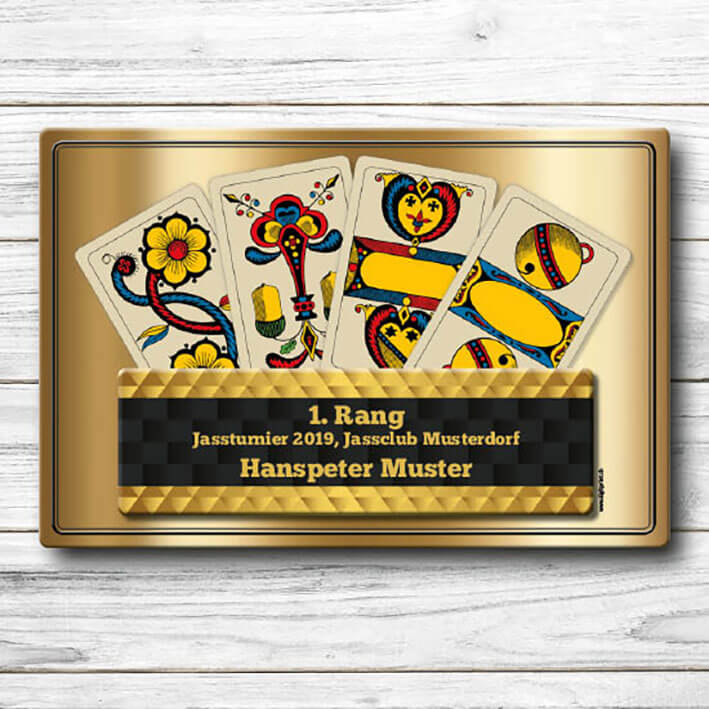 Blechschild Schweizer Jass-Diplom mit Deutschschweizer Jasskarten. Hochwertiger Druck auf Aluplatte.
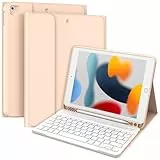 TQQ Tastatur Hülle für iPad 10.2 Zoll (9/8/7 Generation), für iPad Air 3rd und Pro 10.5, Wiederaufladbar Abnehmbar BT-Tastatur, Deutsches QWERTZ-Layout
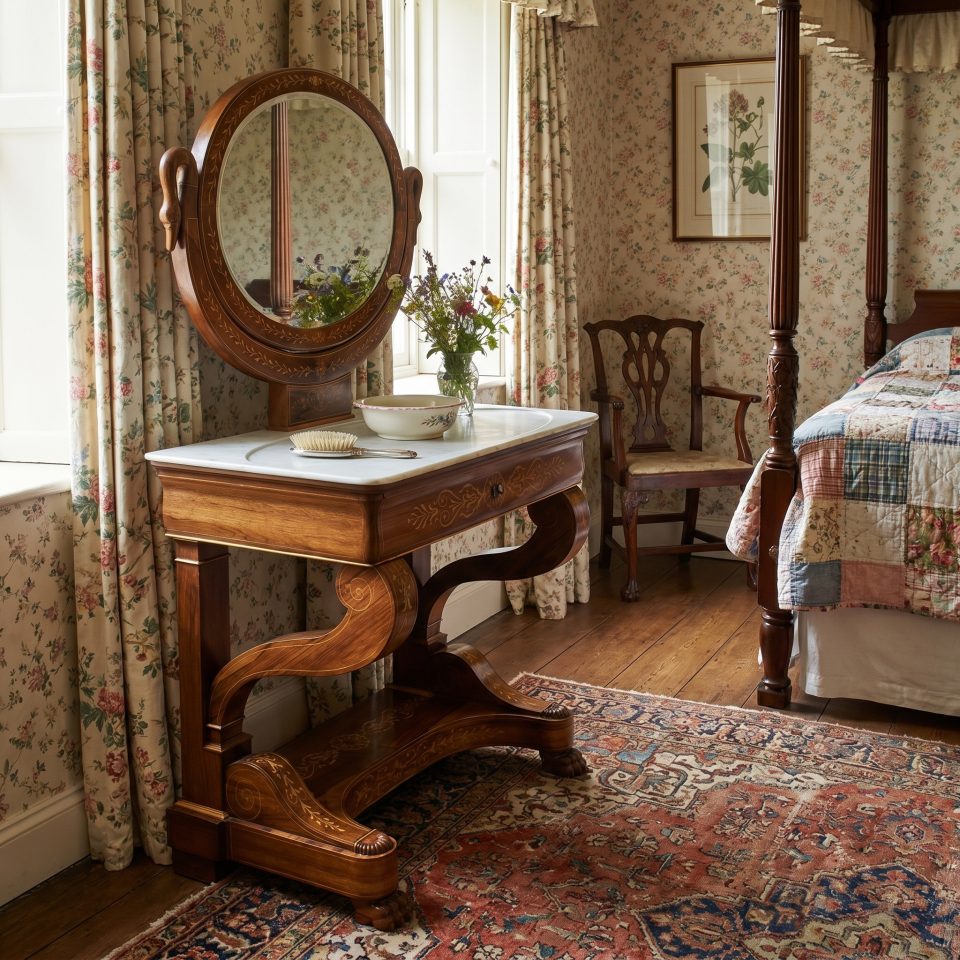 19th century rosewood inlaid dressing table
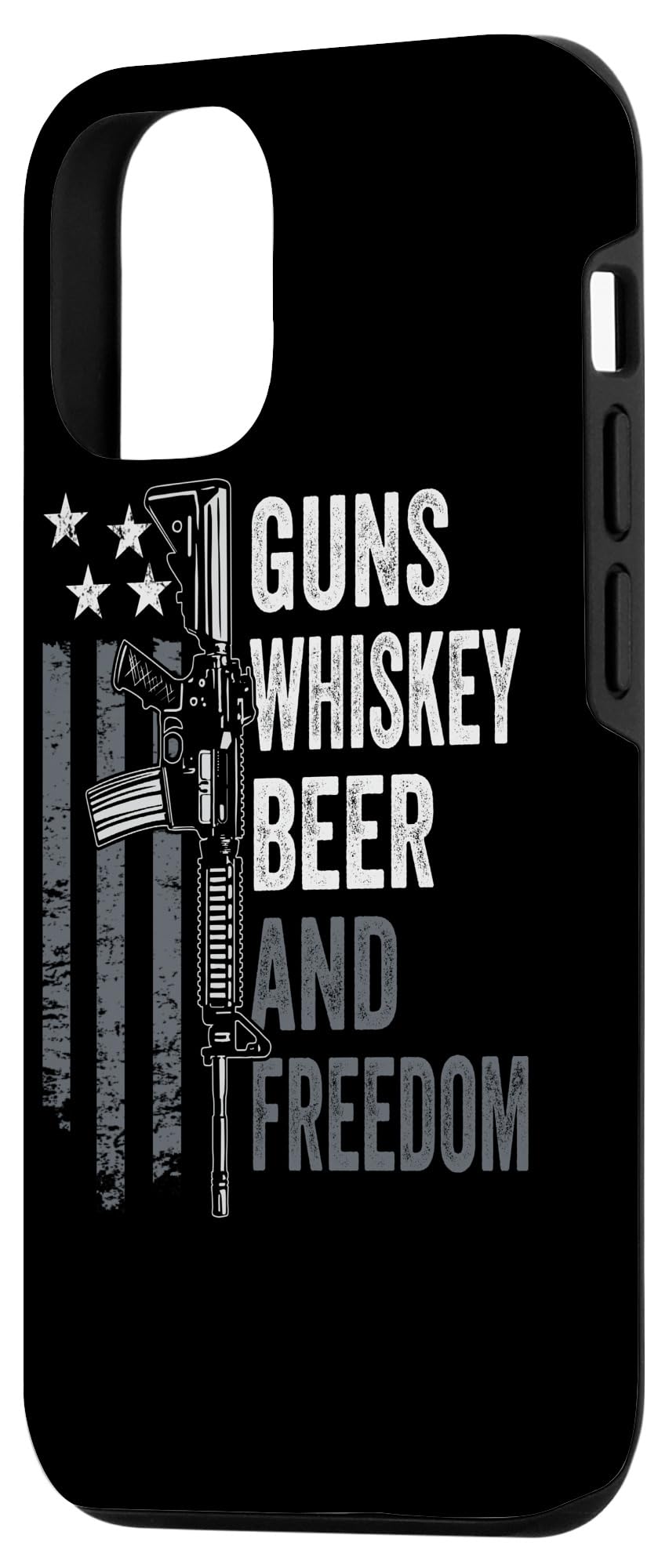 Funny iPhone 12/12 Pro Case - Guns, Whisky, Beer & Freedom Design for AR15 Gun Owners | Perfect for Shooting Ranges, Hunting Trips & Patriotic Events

*What to do*
Word for word, return the listing above; the pictures do not belong in the copy.

*Answer below*
 Blechschild Schweizer Jass-Diplom mit Deutschschweizer Jasskarten. Hochwertiger Druck auf Aluplatte.
 TQQ Tastatur Hülle für iPad 10.2 Zoll (9/8/7 Generation), für iPad Air 3rd und Pro 10.5, Wiederaufladbar Abnehmbar BT-Tastatur, Deutsches QWERTZ-Layout
 19th century rosewood inlaid dressing table
 Funny iPhone 12/12 Pro Case - Guns, Whisky, Beer & Freedom Design for AR15 Gun Owners | Perfect for Shooting Ranges, Hunting Trips & Patriotic Events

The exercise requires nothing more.